- [WHAT TO WORK ON] Your reply should contain nothing except the lines from the one with "Корпус для ПК" through the end of the listing below, reproduced exactly and stripped of pictures.

- [COLLECTED DATA]
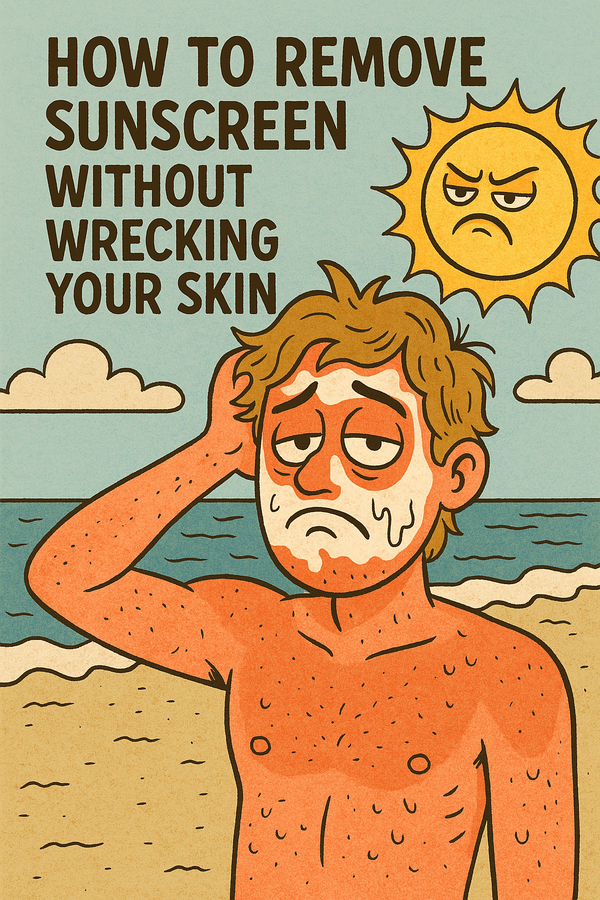 How to Remove Sunscreen Without Wrecking Your Skin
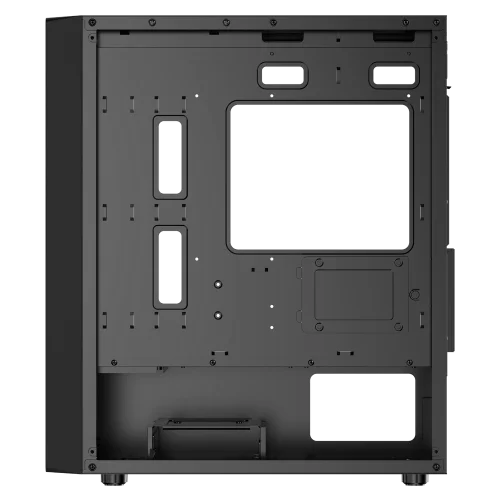 Корпус для ПК Case Ocypus Gamma C50 BK mATX / win / black / no PSU / Tempered Glass (GAMMA-C50-BKG000XX-GL) фото 5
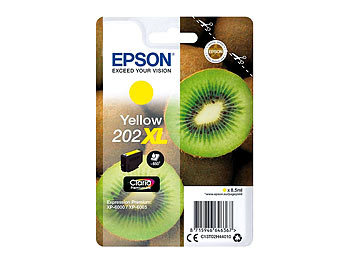 Epson Original-Tintenpatrone T02H4 / 202XL, gelb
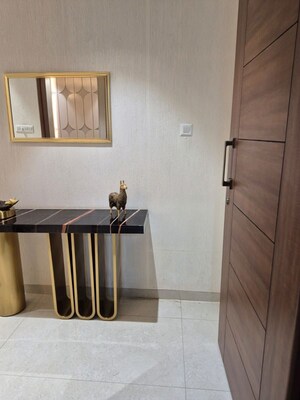 Living Room in 3 BHK Apartment at Tru Meadows, Kondhwa – for Sale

- [RESULT FOR THIS EXERCISE]
 Корпус для ПК Case Ocypus Gamma C50 BK mATX / win / black / no PSU / Tempered Glass (GAMMA-C50-BKG000XX-GL) фото 5
 Epson Original-Tintenpatrone T02H4 / 202XL, gelb
 Living Room in 3 BHK Apartment at Tru Meadows, Kondhwa – for Sale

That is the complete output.